Cold Fear

Cold Fear is not your usual lumbering horror-fest. Dispensing with an exhaustive inventory and minimising puzzles, this is an in-your face nautical terror blaster with the tension heightened by the intervention of a particularly violent storm.

The storm can sweep you and your enemies off ship and causes all manner of naval machinery to become dangerous slapstick pendulums, endangering yourself and your evil mutant pursuers.

More importantly, it causes a constant - and impressively tense - roll on the ship that means almost every encounter is a struggle to maintain a lock on your target.

Cold Fear is wrapped up in a plot that involves morally deficient biological experimentation to further the military ambitions of a shady cartel.
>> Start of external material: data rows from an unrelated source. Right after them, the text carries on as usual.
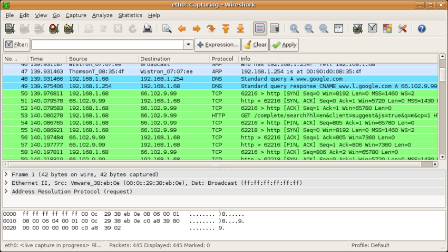Captured files can be programmatically edited or converted via command-line switches to the editcap program. Data display can be refined using a display filter. Plugins can be created for dissecting new protocols.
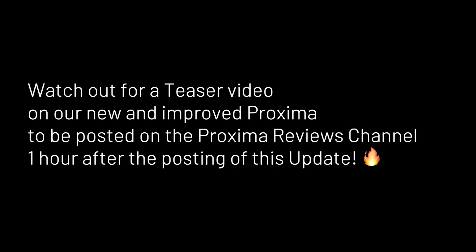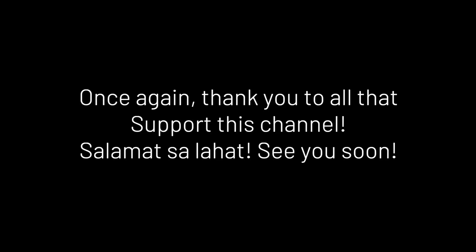Lastly, we have a surprise for you guys. Watch out for a teaser video on our new and improved Proxima to be posted on the Proxima reviews channel one hour after the posting of this update. Thank you guys and I hope you're doing great.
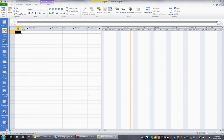Because Microsoft Project is a time management product, it's important to ensure that any file you open and work with has the correct date and time, and this is governed by Windows. In the bottom right of my screen, I can see the date and the time, and this for me is correct.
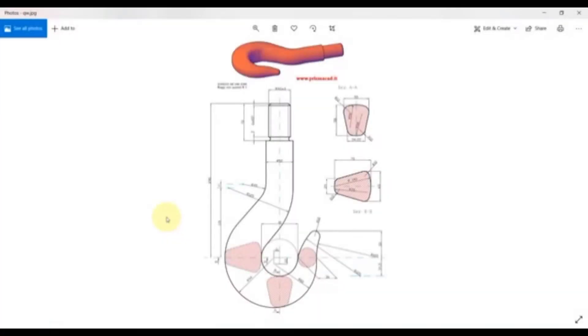Hello again. In this video we will draw a hook, and we will have good practice on both the sketch and loft features.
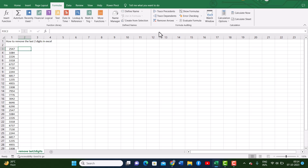Here is how to remove the last two digits in Excel. For this we use two functions: the LEFT function and the LEN function.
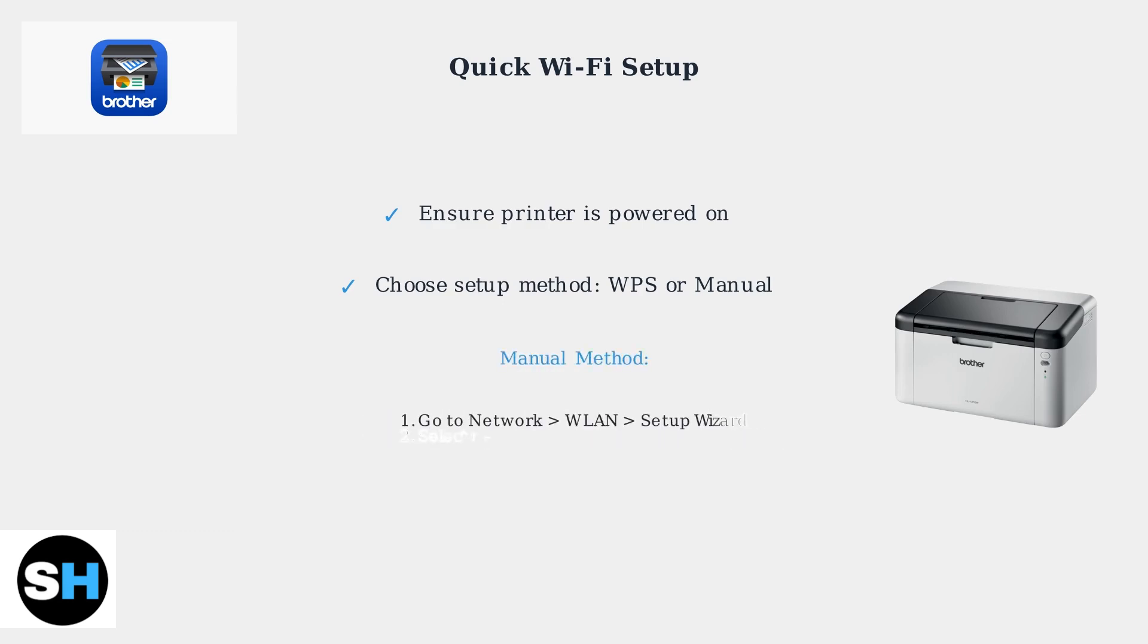If WPS isn't available, use manual setup. Go to Network, WLAN, Setup Wizard on the printer, select your Wi-Fi network and enter the password.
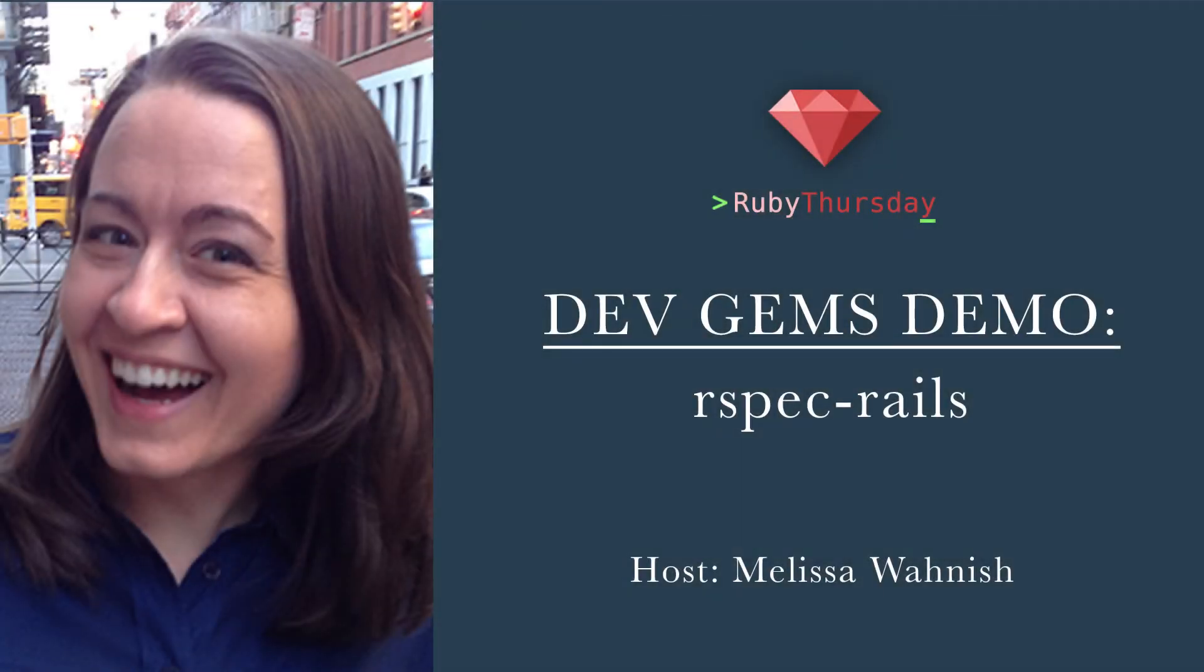Welcome to Ruby Thursday. I'm Melissa Warnish. Today's video is titled Dev Gems Demo: RSpec Rails.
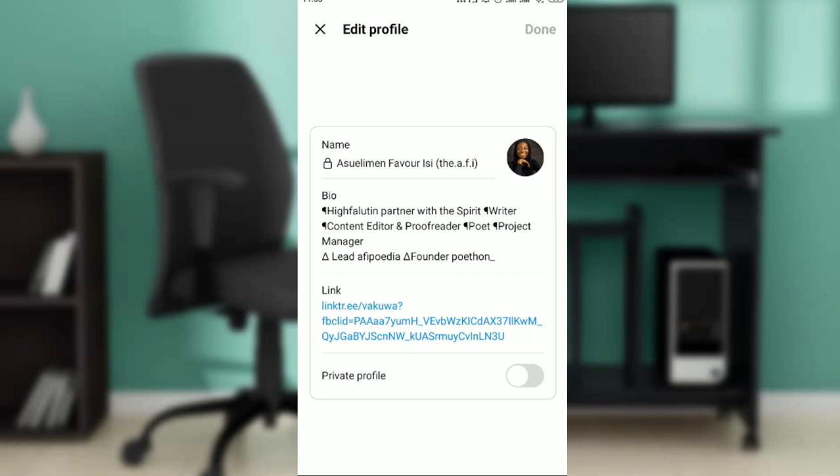Both of them are like conjoined twins, so one cannot do without the other. This is how you can change your name on Threads. Remember, you cannot do it directly on Threads but you can do it on Instagram and it will reflect on your Threads. Watch this video from top to bottom to get acquainted with the steps. I hope this tutorial helps.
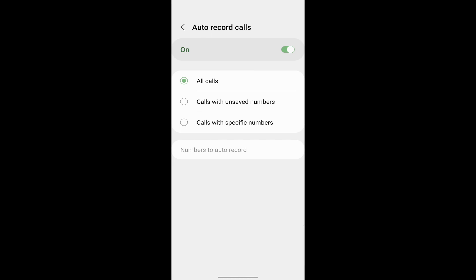Then the second option is to record calls from unsaved numbers, and the third option is to record calls of only some specific contacts.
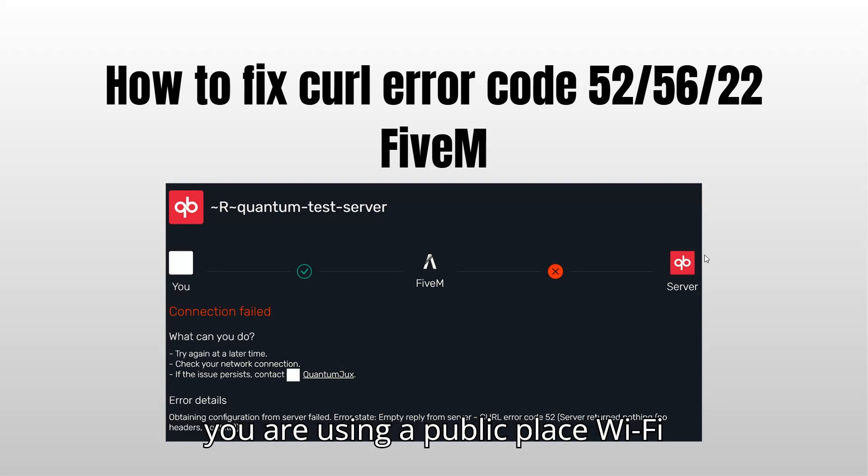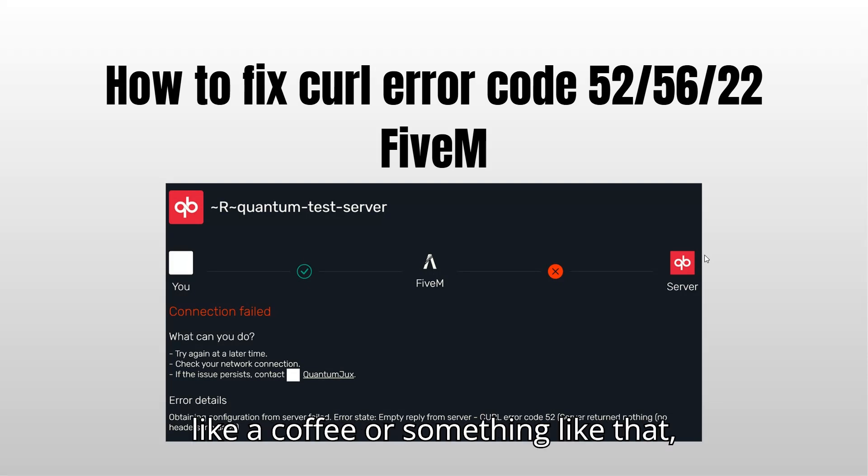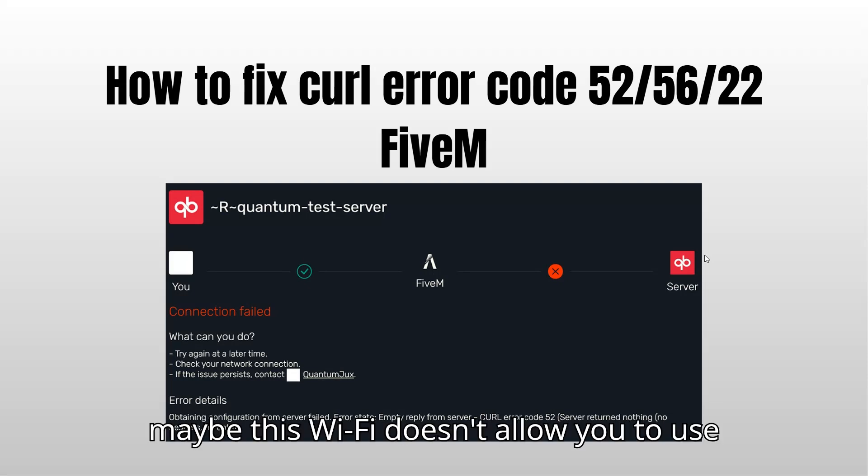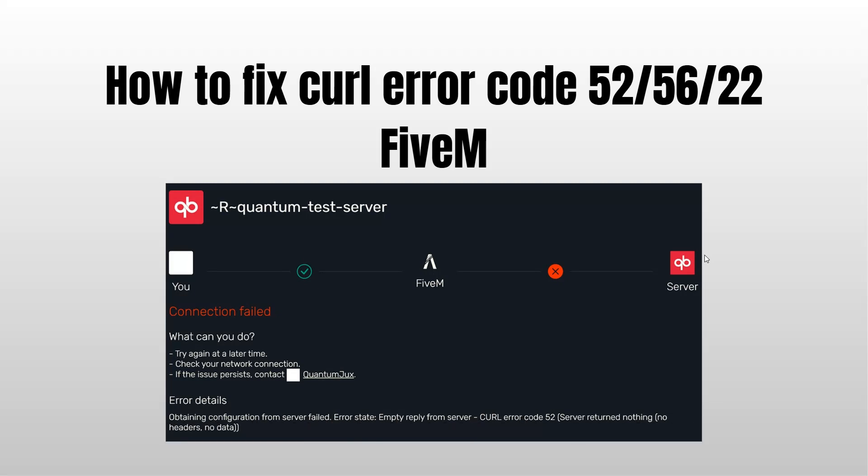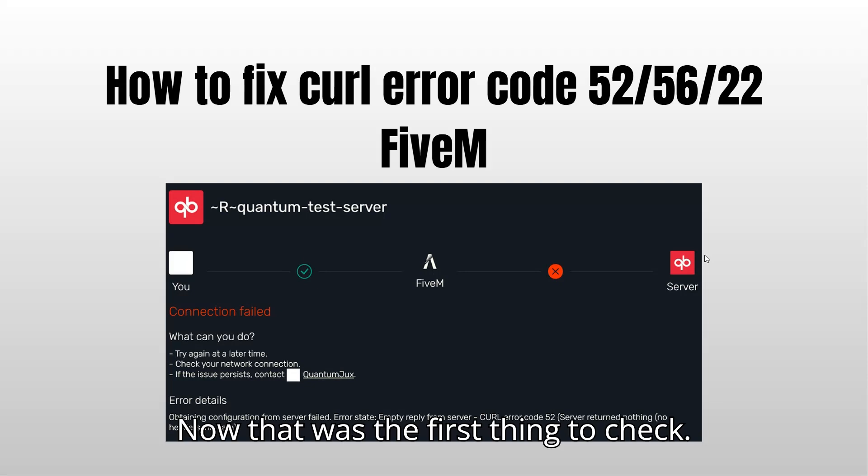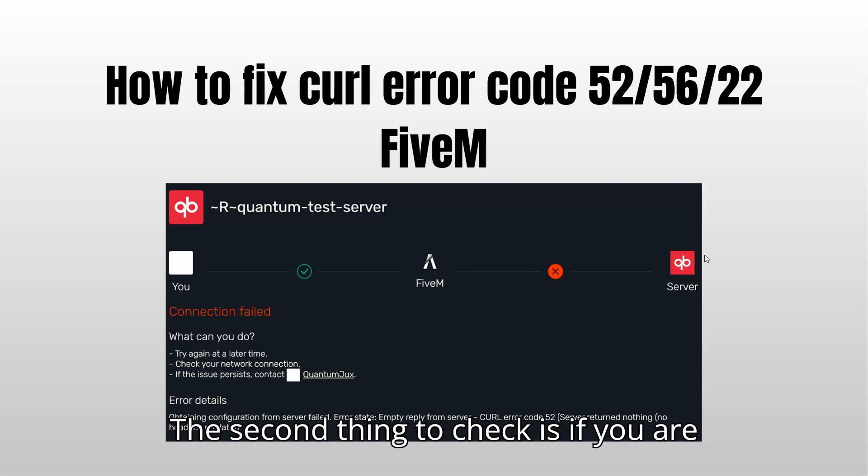And if you are using a public place Wi-Fi like a coffee shop or something like that, maybe this Wi-Fi doesn't allow you to use FiveM and to connect to the servers. Now that was the first thing to check.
Naturally, it features a host of Russkies, mutants, mercenaries, mad doctors and shifty CIA directors. Success in the game requires a steady head shot and, by the looks of things, plenty of bursting into rooms as expiring colleagues/comrades utter their dying but clue-filled words.

The dark, partially flooded ship is an atmospheric and chilling setting with plenty of sealed doors and wooden floorboards for mutants to burst out of. Puzzle-wise, items you need are well highlighted and it's exploration rather than exercising the grey matter that propels you forward.

The controls can be slightly clumsy and the plot conceited but we clocked three pad-crushingly scary moments in the opening salvos of what should be a very solid title indeed.